Tracking the Techie

If you work in web marketing there are some people who hate you. They hate you with a passion that's bordering on the fanatical, especially if you're involved in web metrics. 

The reason they hate you is that you count unique visitors. 

They also hate you for presenting ads online.

These people will do everything they can to avoid being counted. Some of them will also try to make your count of other people inaccurate.

These people are your techies. They are your web site administrators, your UNIX gurus, your online programmers, your IT support staff.

If you sell or market IT products, or analyze that audience, you've got a fight on your hands.

This article is about how these people are fighting you.

Background

Last month, I wrote an article that discussed different ways of identifying unique visitors. It attracted a great deal of feedback, including the creation of a forum in slashdot.org, which is the ultimate tech/geek site. Much of that feedback came from people explaining how they avoid being tracked. It revealed a mind-set, and a community, actively involved in the prevention of web tracking.

Throughout this month's column, I'll share some choice quotes, with names omitted to protect privacy:

"I'm tired of all these marketing bullshit artists trying to track my every page view and metric on what I do at their site."

"I'm no privacy nut, but I wouldn't stand for being tracked as I walk around all day; I've no great desire to accept it as I walk around the 'net either."

The mindset

Before I describe the techniques people are using to evade detection, I want to look at the mindset of these people.

First, it's important to understand these are not average web users. You need to know your online technology to apply evasion techniques. These people are in the know about the web and how it works. I've no way of knowing how many there are, but anyone working on open source software, which drives the internet, will have the skills required. There are over a million developers working on open source in the USA alone (source: Evans Data, Feb 2004).

There are two drivers to their opposition to web tracking -- poor advertising practice, and a misunderstanding of tracking. 

Advertising is evil

Online advertising is often horrible. Pop-ups are intrusive -- how is positioning an ad so that I can't read my page supposed to endear your product to me? You obviously don't care about me: you just want my money. Banner advertising is, in my view, never worthwhile -- ever. Trying to distract me with banners that have no relevance to what I'm doing only teaches me how to develop tunnel vision.

"If you want us to view your ads, make your content worth our time, and more importantly, make your ads worth viewing, unobtrusive, and not an annoying flashing noisy mess."

I've never encountered anyone objecting to Google Ads. The point about delivering search-triggered ads is relevancy. If you're presenting relevant information at a relevant time without getting in the way, no one objects.

Poor online advertising has led to the mind-set that all online advertising is bad.

"I've made it a rule to *never, ever * click on *any* ad. Period. If I really, really, want the xyz gizmo, from abc Corp., I will visit the MFGR's site directly, or a known retailer of their products."

Web metrics = spying

"Maybe if we can generate enough noise these morons will stop trying to come up with more useless ways to invade our privacy and track our every online move."

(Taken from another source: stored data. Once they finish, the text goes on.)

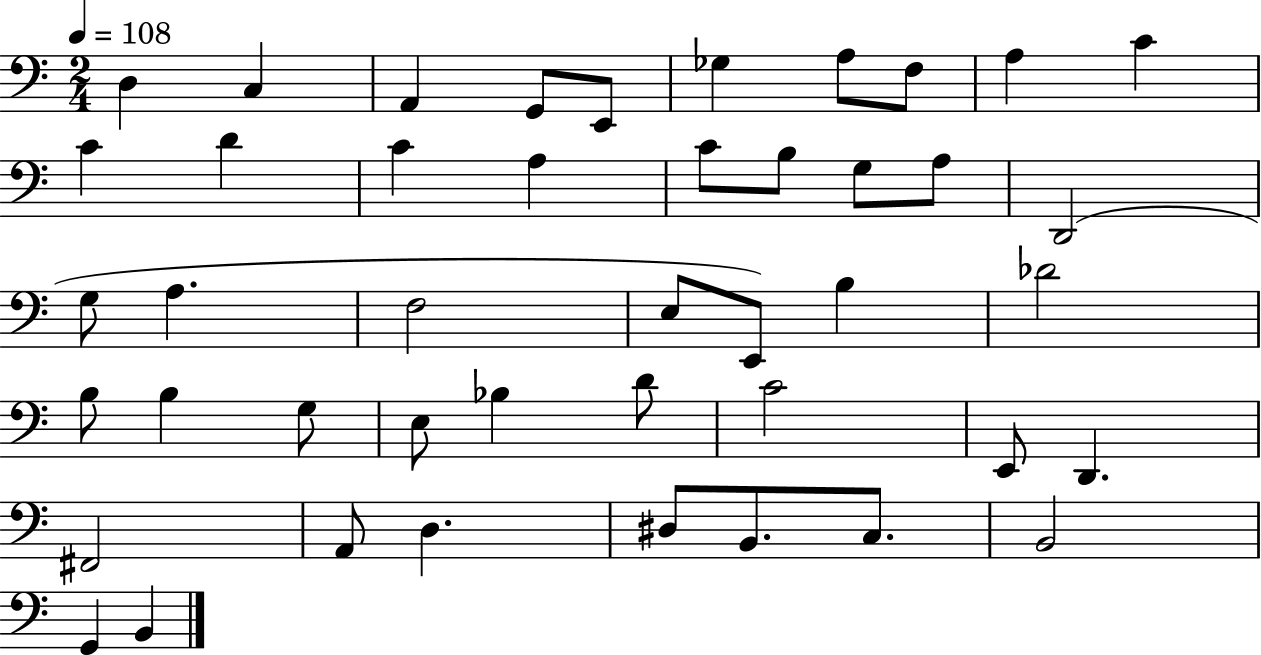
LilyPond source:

{
  \clef bass
  \numericTimeSignature
  \time 2/4
  \key c \major
  \tempo 4 = 108
  d4 c4 | a,4 g,8 e,8 | ges4 a8 f8 | a4 c'4 | \break c'4 d'4 | c'4 a4 | c'8 b8 g8 a8 | d,2( | \break g8 a4. | f2 | e8 e,8) b4 | des'2 | \break b8 b4 g8 | e8 bes4 d'8 | c'2 | e,8 d,4. | \break fis,2 | a,8 d4. | dis8 b,8. c8. | b,2 | \break g,4 b,4 | \bar "|."
}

Some companies have lied about their privacy practices and sold data they promised they wouldn't. Other companies invisibly track user movements between sites so that they can profile the user and sell the data. Making money out of lying is called fraud and it's obviously immoral. Profiling people without their knowledge or permission is also immoral. Any time you secretly do something to someone that they would object to if they knew about it, you're committing an immoral act. People value their anonymity online. They don't want it taken away without their knowledge and consent.

Counting unique visitors on your site does not involve identifying someone. However, anti-metrics people don't make that distinction.

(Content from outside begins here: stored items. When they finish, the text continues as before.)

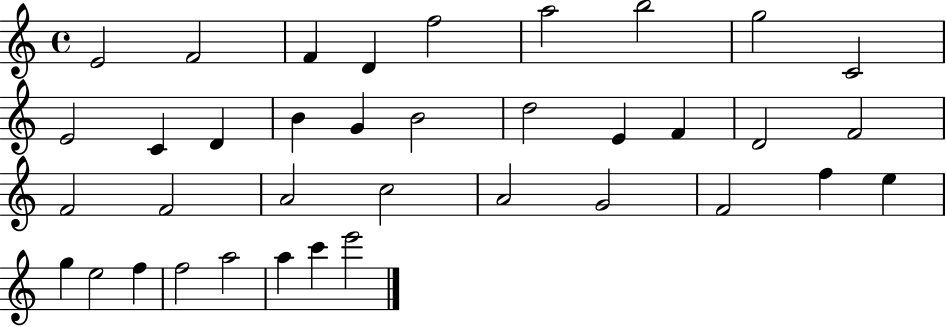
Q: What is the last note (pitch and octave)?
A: E6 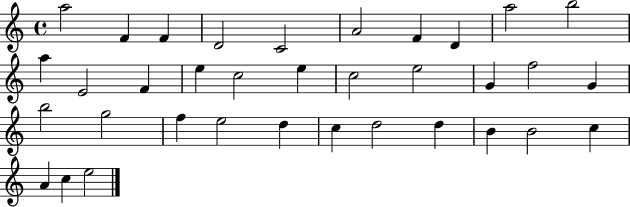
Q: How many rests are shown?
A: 0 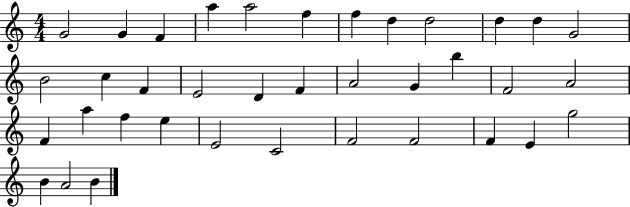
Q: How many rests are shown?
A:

"The only thing gained by uniquely identifying users outside of financial transactions is the opportunity to violate their privacy."

Note that our friend here treated "unique users" and "uniquely identifying users" as the same thing. Identifying unique users simply means being able to tell that two visits came from different people. Nothing about this implies knowing who those people were. However, understanding the difference requires some knowledge of metrics definitions.

Here, unscrupulous web metrics practices have combined with a lack of understanding: the result is a condemnation of the entire industry.